We see that only a few countries have a very high GDP per capita, while most fall within the range of 1,000 to 4,000 EUR.

Factors affecting GDP

A country's GDP is influenced by many factors, some of which are listed below. The bolded items are chosen as regressors in the next section.

Economy and trade

  • Inflation rate and interest rates: These factors influence consumer and investor confidence. Low inflation rates boost confidence, contributing to economic growth.
  • Exports and imports: High exports indicate strong economic performance and self-sufficiency, whereas high imports suggest dependence on foreign trade and potential economic imbalance.

Labor market

  • Employment: Higher employment typically leads to higher GDP, as more people have income and greater purchasing power.
  • Income levels: Besides employment, the quality of jobs matters. A high rate of low-wage jobs does not necessarily increase GDP per capita. On the other hand people with higher incomes tend to spend more on goods and services.

Other factors

  • Happiness and satisfaction: A happier and more satisfied population usually performs better at work and tends to contribute to economic growth.
  • Adaptation to technological changes: A country's ability to adapt to technological advancements enhances its competitiveness, significantly boosts productivity, and fosters new opportunities in production, services, and trade.

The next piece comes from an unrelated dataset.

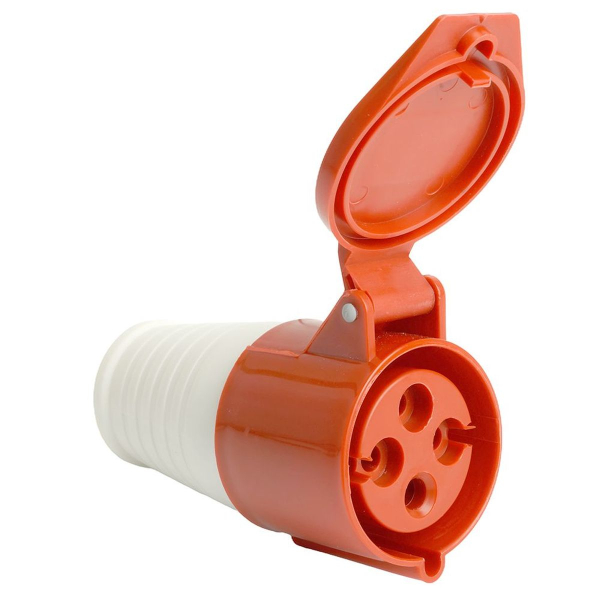 Розетка переносная 3P+PE Stekker с крышкой красный RST32-224-44 49442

  • Climatic conditions: Floods, droughts, or extreme temperatures can negatively impact agricultural production and infrastructure. Conversely, favorable climatic conditions can support various industries, such as tourism and agriculture.


Indicators

We choose the following regressors:

  • Employment rate
  • Average monthly income
  • Internet usage
  • Climate region

In the following section, we present the important properties of these selected indicators and investigate their relationship with GDP.

All indicators are statistically significant and explain the modeled variable well. At the standard significance level, we reject the hypothesis that the correlation between each regressor and GDP is zero.

id <- "lfsa_ergan"
emp <- get_eurostat(id = id)

emp <- subset(emp, TIME_PERIOD == "2014-01-01")
emp <- subset(emp, sex == "T")
emp <- subset(emp, citizen == "TOTAL")
emp <- subset(emp, age == "Y_GE25")
emp <- subset(emp, !grepl("^EU", geo))
emp <- subset(emp, !grepl("^EA", geo))
emp <- subset(emp, select = c("geo", "values"))
emp <- label_eurostat(emp)

# https://data.worldbank.org/indicator/SL.EMP.TOTL.SP.NE.ZS?locations=LI-AL
emp <- rbind(emp, c("Albania", 43.8))
emp <- rbind(emp, c("Liechtenstein", 59.4))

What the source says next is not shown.